An expanding pool of workers means the economy can grow faster than the government assumes without fuelling inflation, according to an influential think tank.
The study by Ernst & Young's ITEM Club says changes to the labour market, annual Blue Book revisions to gross domestic product and improved productivity mean the country's potential growth rate could be half a percentage point higher than policymakers think.
The government expects Britain's potential growth rate to dip next year to 2.5 percent from 2.75 percent, largely due to the effect of baby boomers retiring.
The ITEM Club, however, says it could be as high 3 percent, boosted by a continued influx of migrant workers and a growing number of older people remaining in the workforce.
The irony is that just as the Treasury is lowering its estimate of the trend rate of growth, the trend has actually gone up, said Peter Spencer, chief economic advisor to the ITEM Club.
Since European Union enlargement in 2004, Britain's pool of available workers has expanded by almost 800,000 and the number of people in employment has risen to record levels.
The potential growth rate is hard to measure but is key to both interest rate policy and Chancellor Gordon Brown's spending and borrowing plans.
Brown is already expected to use his pre budget report later this autumn to revise up his growth forecast for 2006 and Spencer said he would be astonished if he did not revise up his forecast for the potential growth rate at the same time.
If our assessment of growth and GDP is correct, everything points to a Brown Bonanza for the Treasury this autumn, he added.
In his March budget, Brown forecast growth of 2 to 2.5 percent this year.
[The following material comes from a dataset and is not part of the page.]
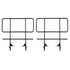 StandUp StandUp 2 Pack 4' High Portable Stage Railing Set STG-RL36-AX-2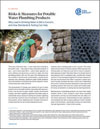 L'image sélectionnée. Risks & Measures for Potable Water Plumbing Products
But the economy expanded at a 0.7 percent clip in each of the first two quarters and many forecasters, including the Bank of England and IMF, have already revised up their projections.
Current Treasury forecasts assume growth of 2.5 percent through to 2008 and the report suggests these forecasts may also need to be revised higher.
The significant improvement in the UK labour force and other factors that impact on the supply side of the economy has led to greater spare capacity in the UK, said Spencer. The UK economy has more room to grow than anyone thought.